## [Assigned task]
Repeat the records exactly as given. Do not include the pictures.

## [Provided material]
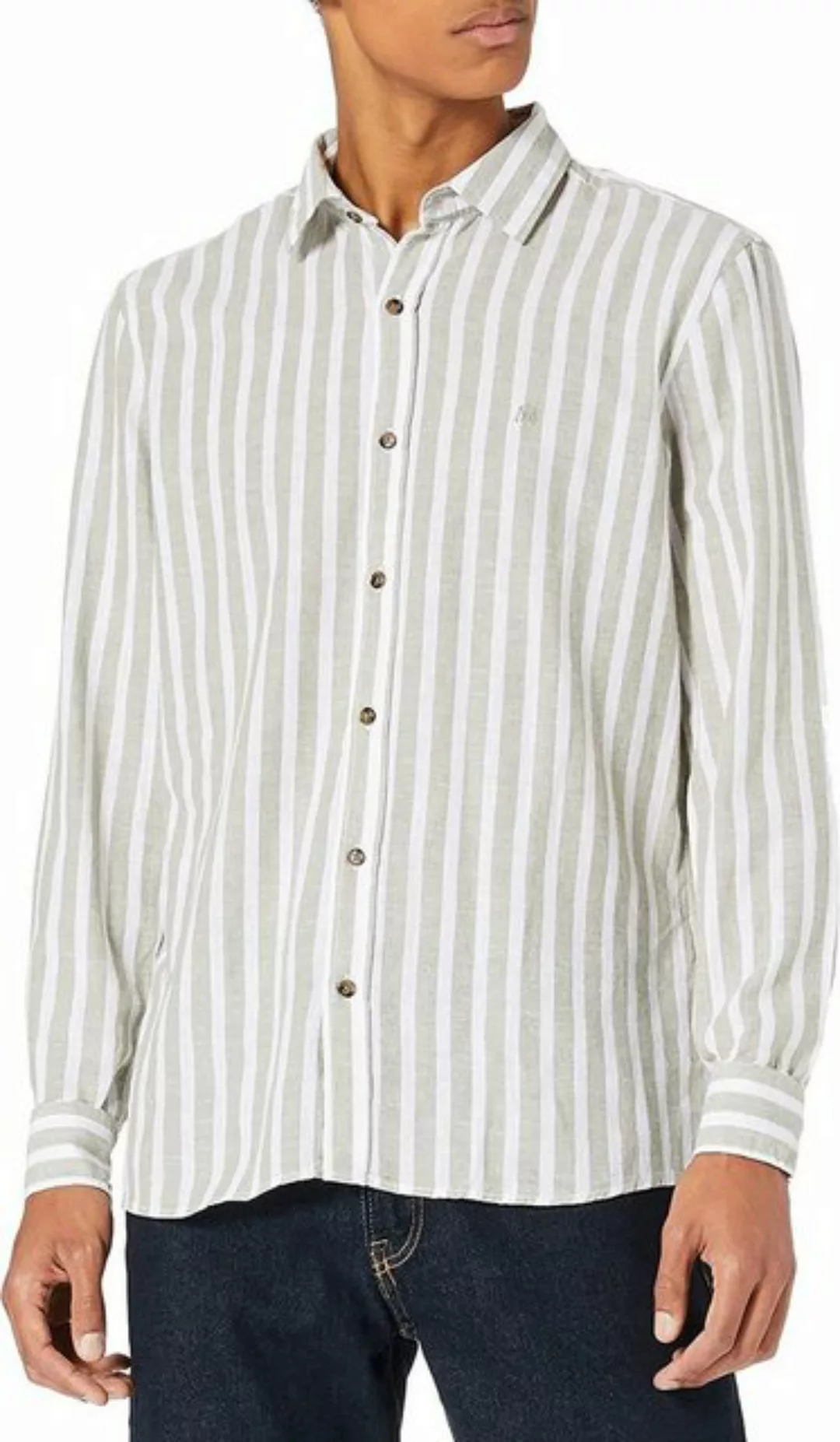 Mavi Streifenhemd Stripe Shirt Hemd Oil Green günstig online kaufen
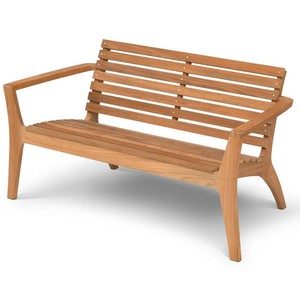 Banc en teck pour extérieur, fabriqué en Indonésie - Product Image 2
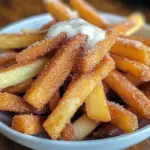 Cinnamon Sugar Apple Fries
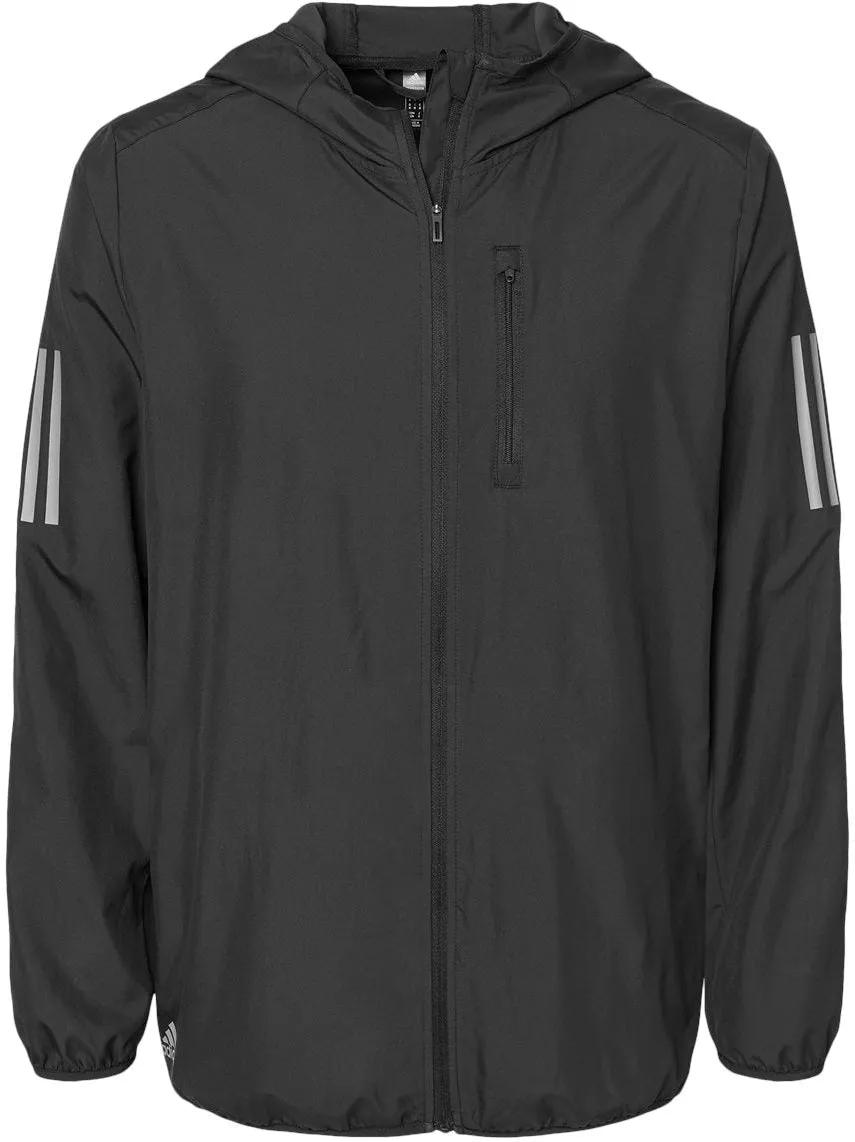 Adidas Hooded Full-Zip Windbreaker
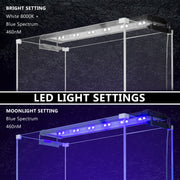 11W Aquarium Blue White LED Light for Tank 50-70cm V274-AQ-LED60-11W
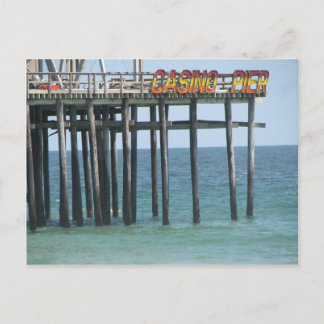 Casino Pier Postkarte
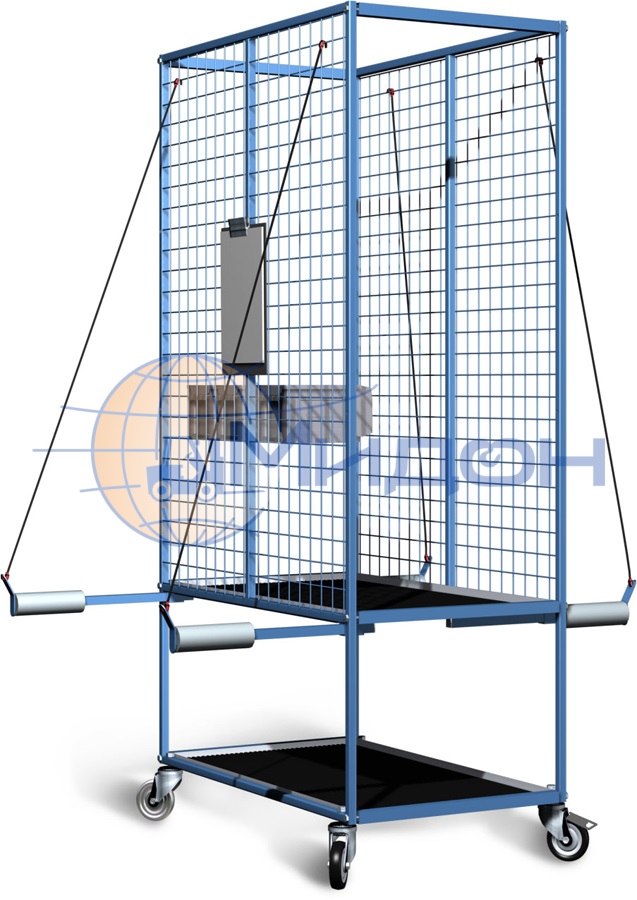 Тележка арматурная для крупных деталей автомобиля 06.101 Ferrum разборная 590х975х1920h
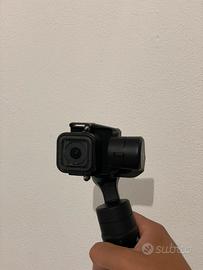 Go pro hero 5 session + stabilizzatore + accessori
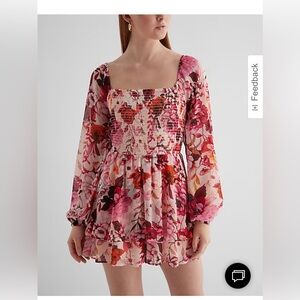 NWOT Express Floral Romper 🌸💕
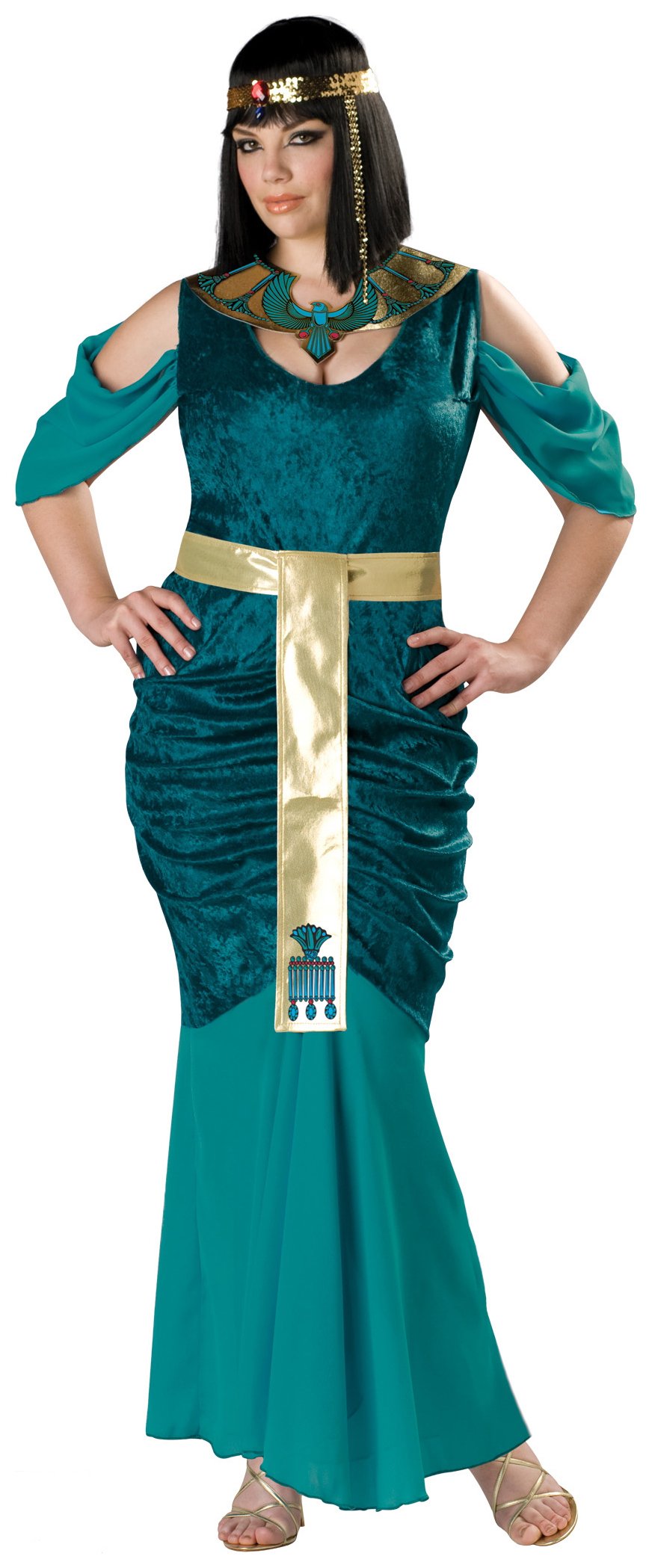 Egyptian Jewel Adult Plus Costume - Click Image to Close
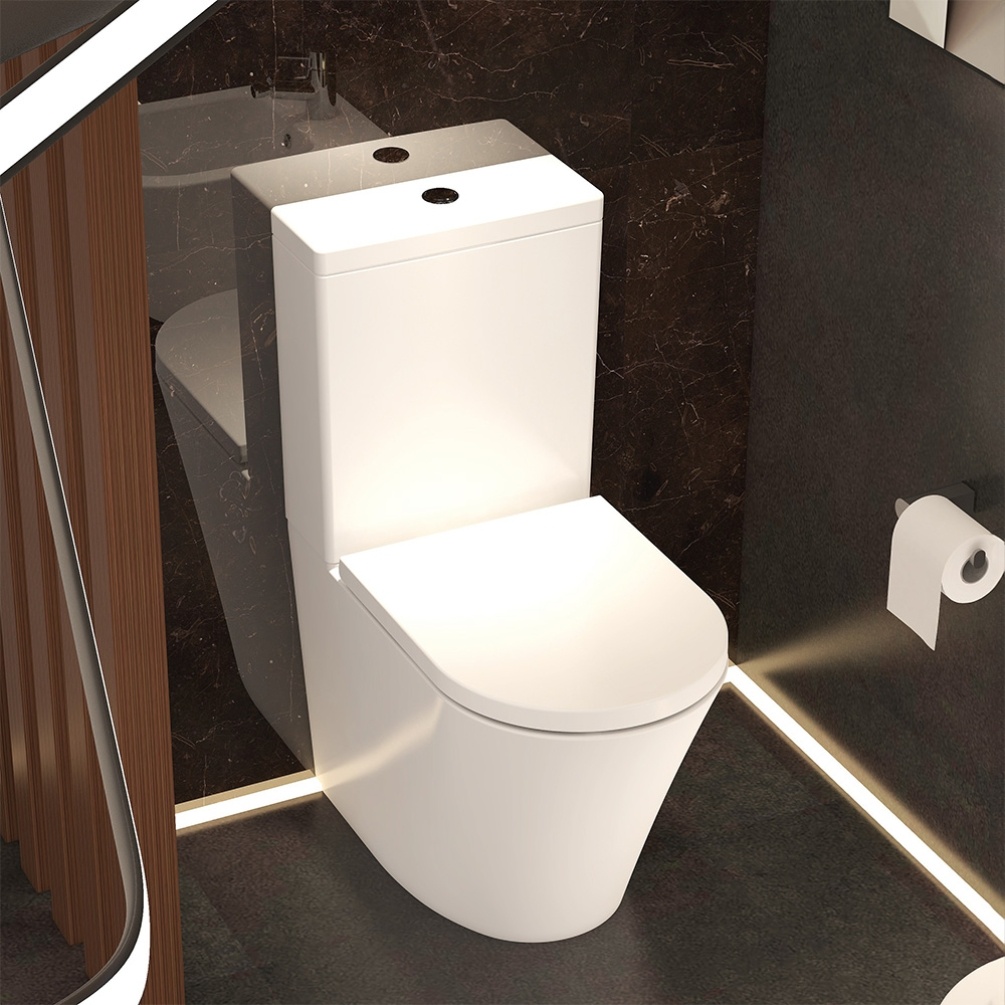 Imex Arco Rimless Closed Back Close Coupled Toilet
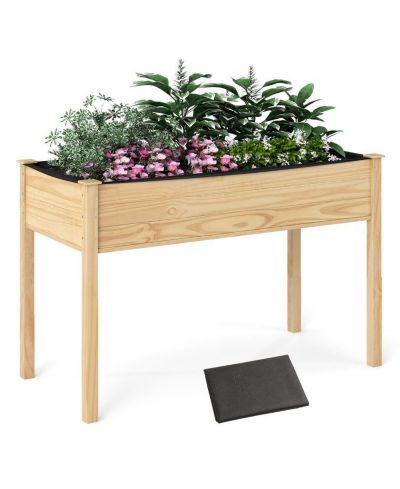 Slickblue Wooden Raised Garden Bed for Vegetables and Plants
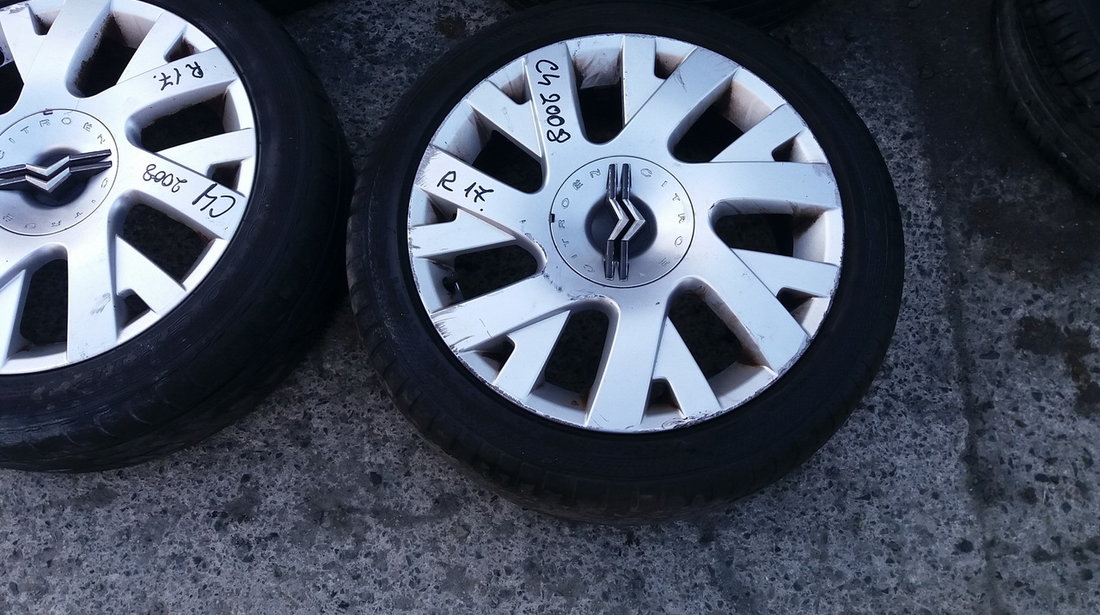 Set 393 - Jante aliaj Citroen C4, ZR17, 4 X 108 - cod CIT-4A-3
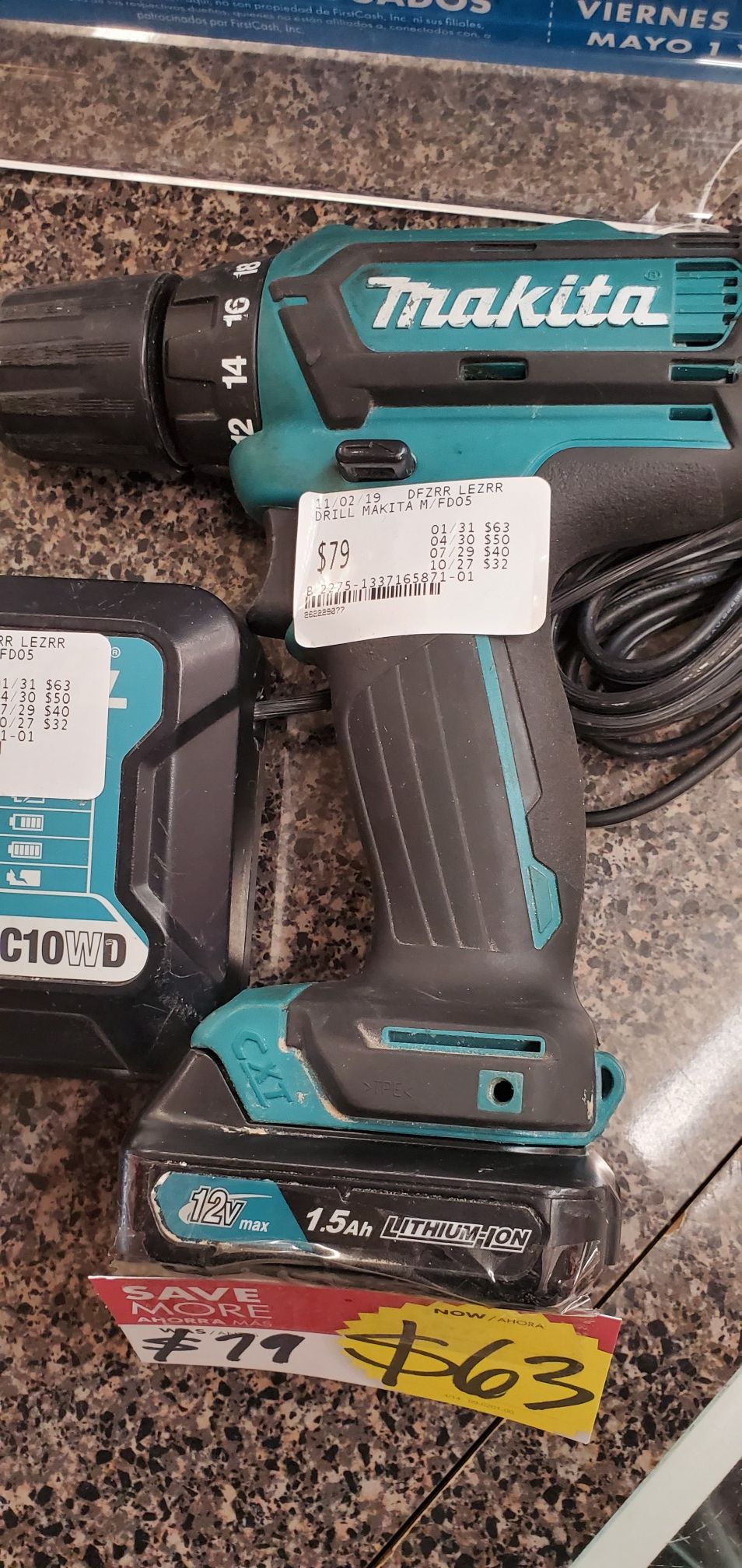 Makita 12v drill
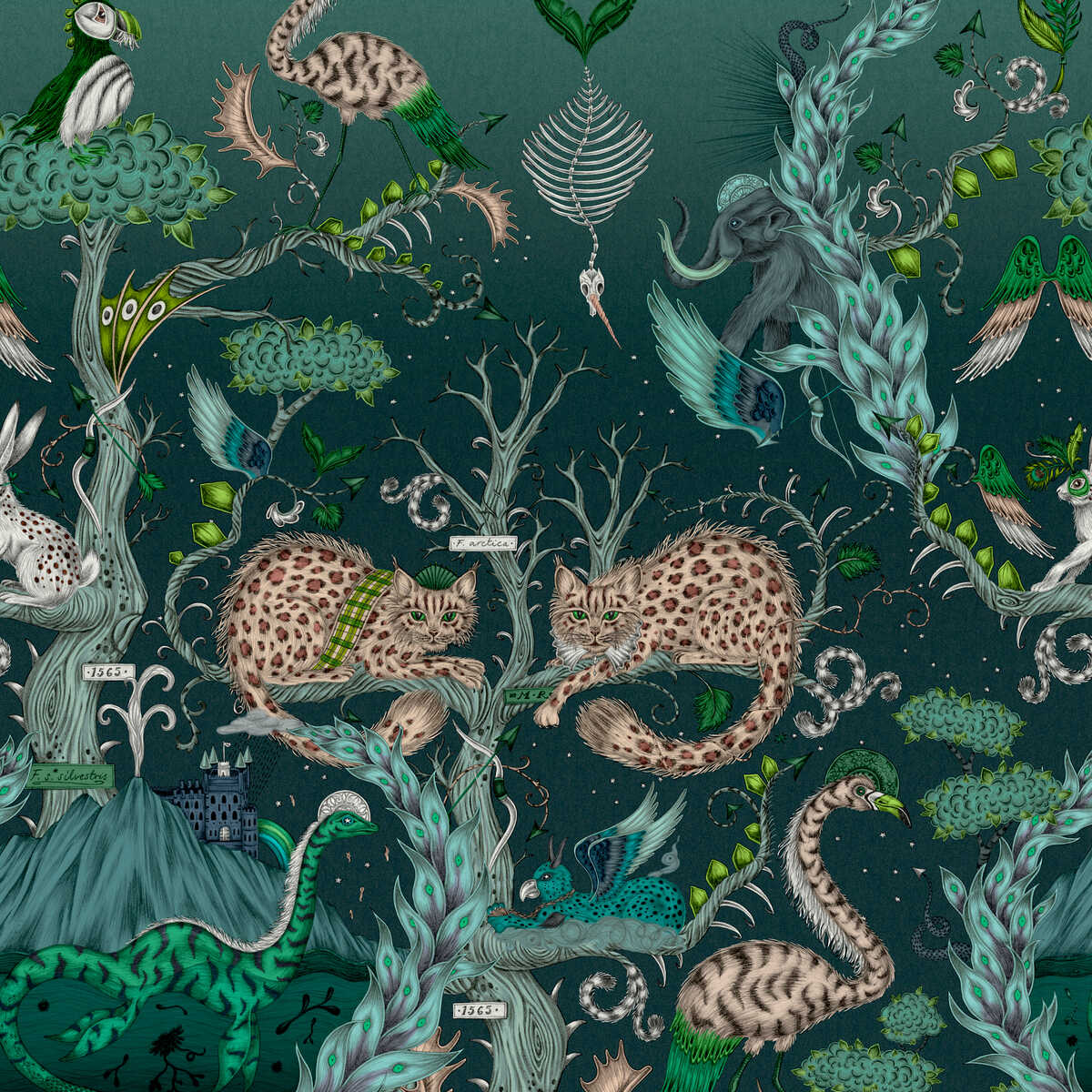 Highland - Wonder/Lagoon Wp - CLARKE AND CLARKE Wallpaper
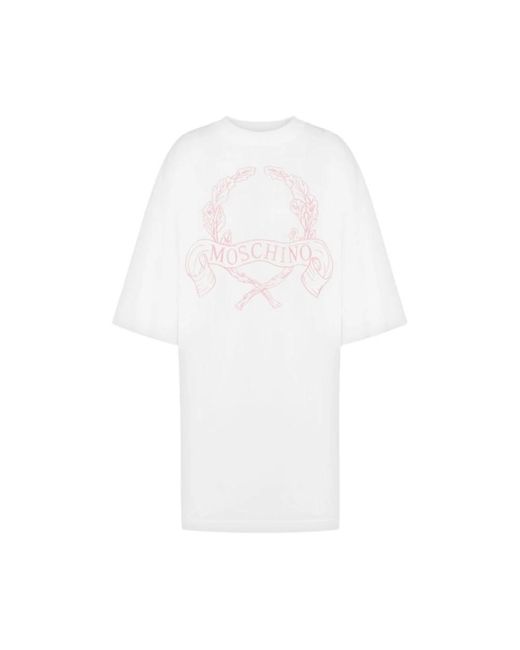 Moschino White Short Dresses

## [Answer area]
 Mavi Streifenhemd Stripe Shirt Hemd Oil Green günstig online kaufen
 Banc en teck pour extérieur, fabriqué en Indonésie - Product Image 2
 Cinnamon Sugar Apple Fries
 Adidas Hooded Full-Zip Windbreaker
 11W Aquarium Blue White LED Light for Tank 50-70cm V274-AQ-LED60-11W
 Casino Pier Postkarte
 Тележка арматурная для крупных деталей автомобиля 06.101 Ferrum разборная 590х975х1920h
 Go pro hero 5 session + stabilizzatore + accessori
 NWOT Express Floral Romper 🌸💕
 Egyptian Jewel Adult Plus Costume - Click Image to Close
 Imex Arco Rimless Closed Back Close Coupled Toilet
 Slickblue Wooden Raised Garden Bed for Vegetables and Plants
 Set 393 - Jante aliaj Citroen C4, ZR17, 4 X 108 - cod CIT-4A-3
 Makita 12v drill
 Highland - Wonder/Lagoon Wp - CLARKE AND CLARKE Wallpaper
 Moschino White Short Dresses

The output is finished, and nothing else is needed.